#### Exercise data:

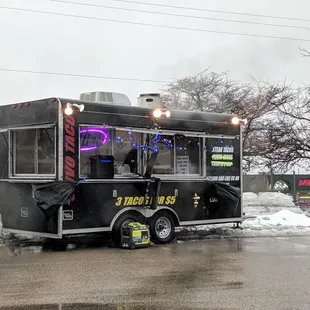 a taco truck parked in a parking lot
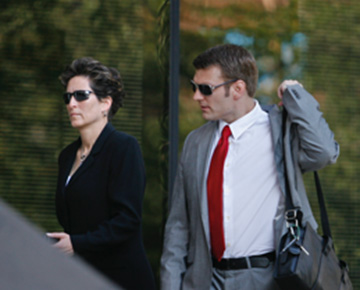 Bobbi and FBI agent walking into court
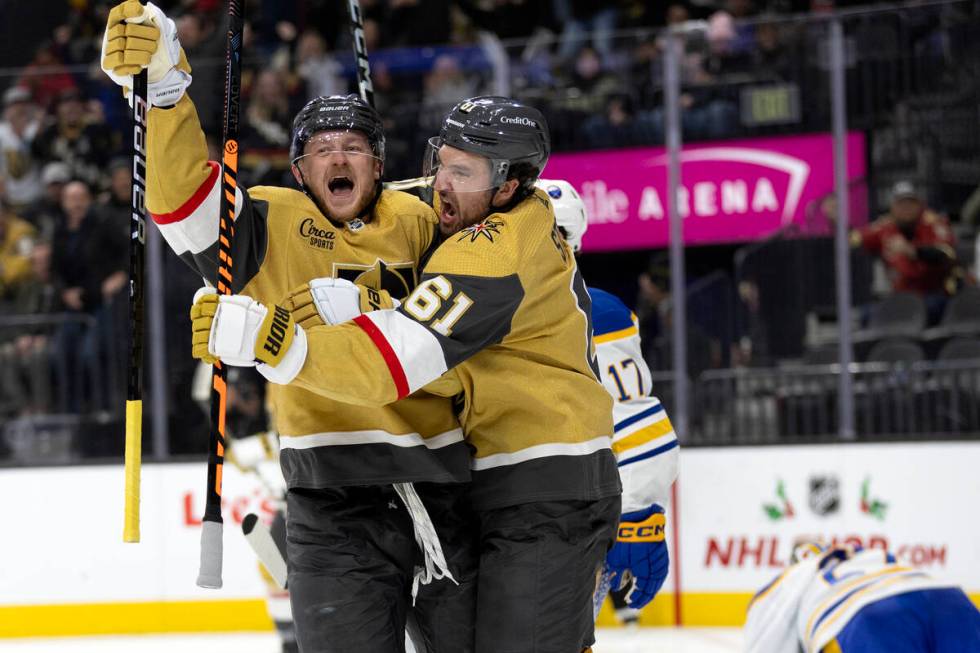 Golden Knights center Jack Eichel (9) and right wing Mark Stone (61) celebrate Eichel’s ...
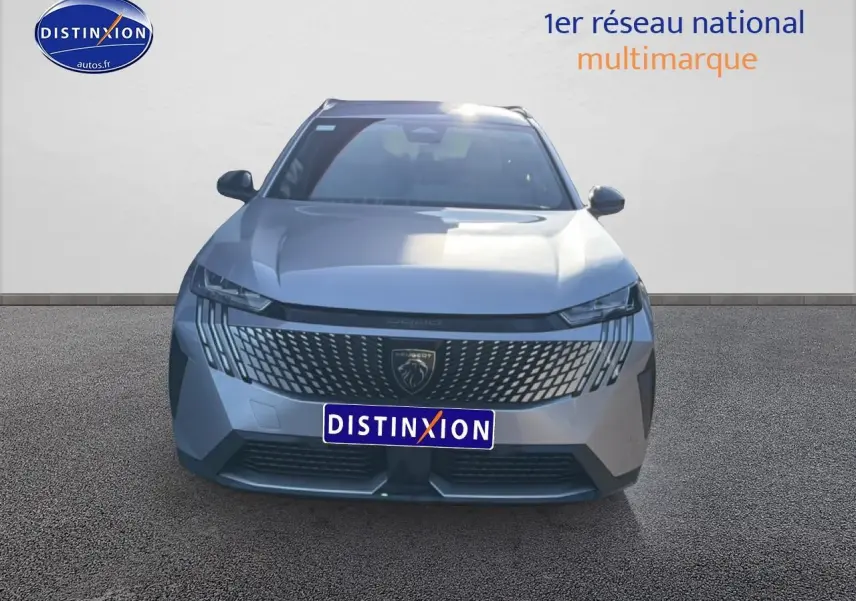 Vue frontale d’un Peugeot 5008 Hybrid 145 allure e-dcs6 gris artense avec calandre distinctive et phares LED fins.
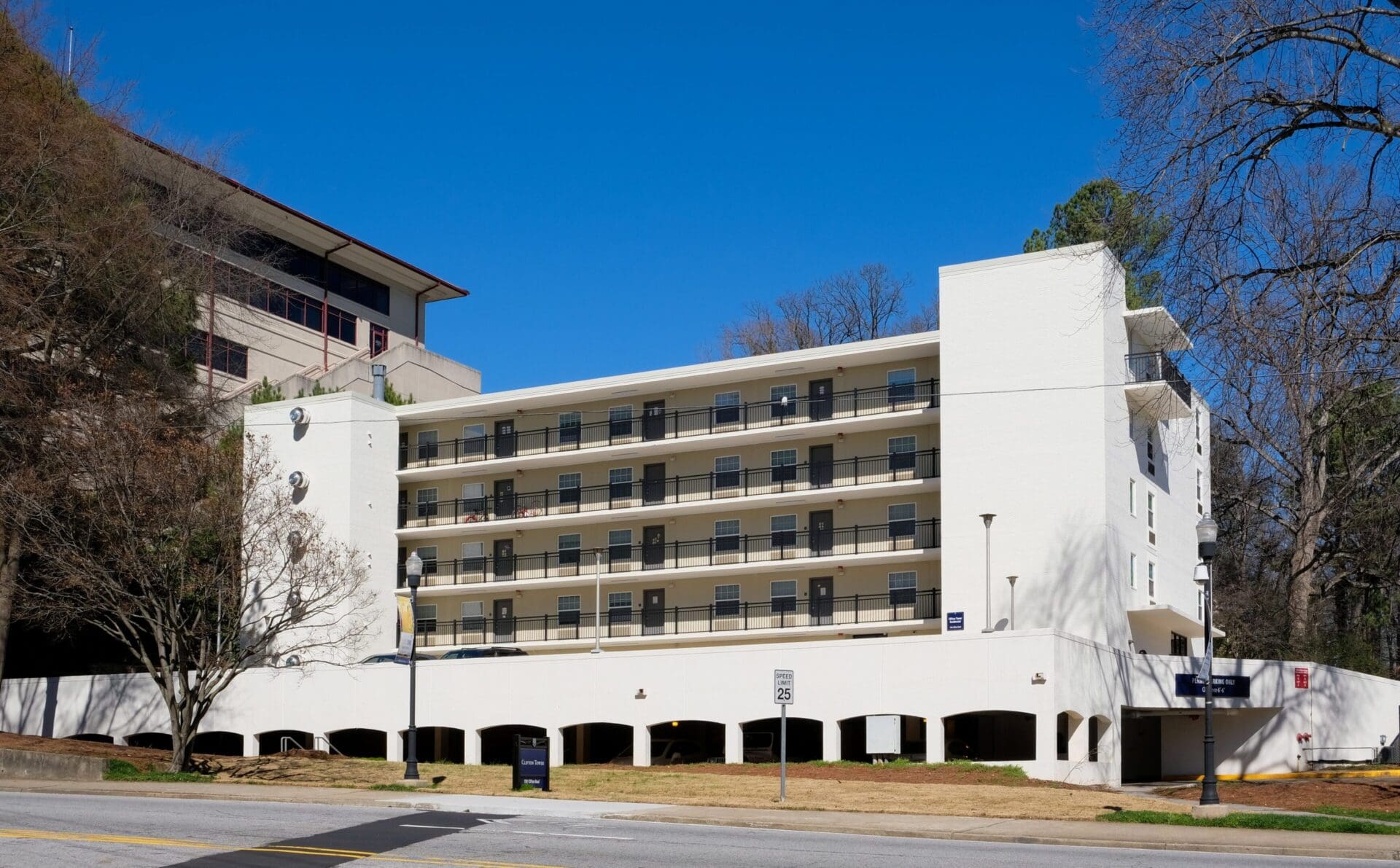 White multi-story building with balconies, sunny day.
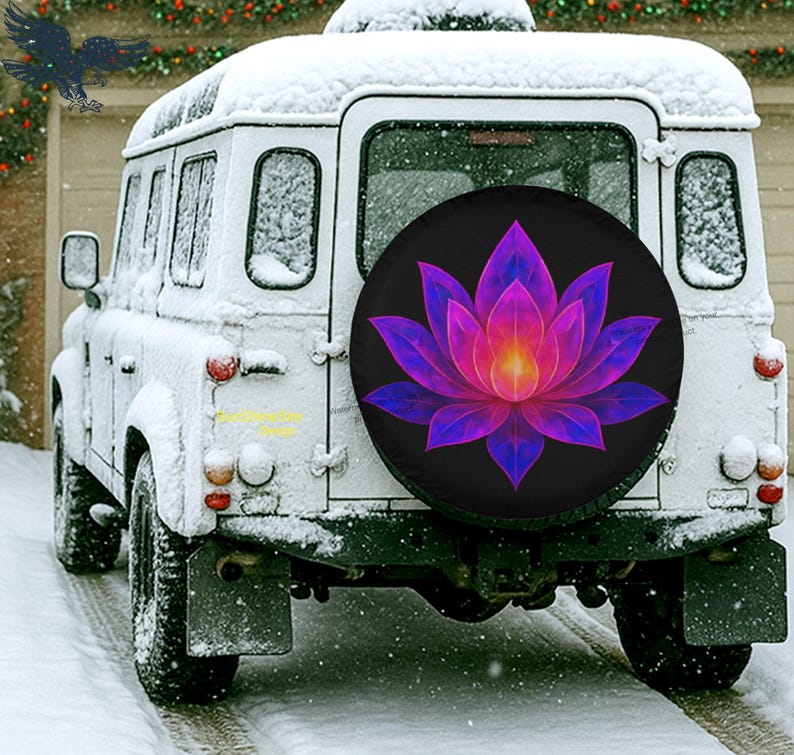 May include: A white SUV covered in snow with a spare tire cover featuring a vibrant lotus flower design in shades of purple, pink, and yellow against a black background. The vehicle is parked in a snowy environment.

#### Task goal:
Type the entries above out again exactly, with no pictures.

#### Expected answer:
 a taco truck parked in a parking lot
 Bobbi and FBI agent walking into court
 Golden Knights center Jack Eichel (9) and right wing Mark Stone (61) celebrate Eichel’s ...
 Vue frontale d’un Peugeot 5008 Hybrid 145 allure e-dcs6 gris artense avec calandre distinctive et phares LED fins.
 White multi-story building with balconies, sunny day.
 May include: A white SUV covered in snow with a spare tire cover featuring a vibrant lotus flower design in shades of purple, pink, and yellow against a black background. The vehicle is parked in a snowy environment.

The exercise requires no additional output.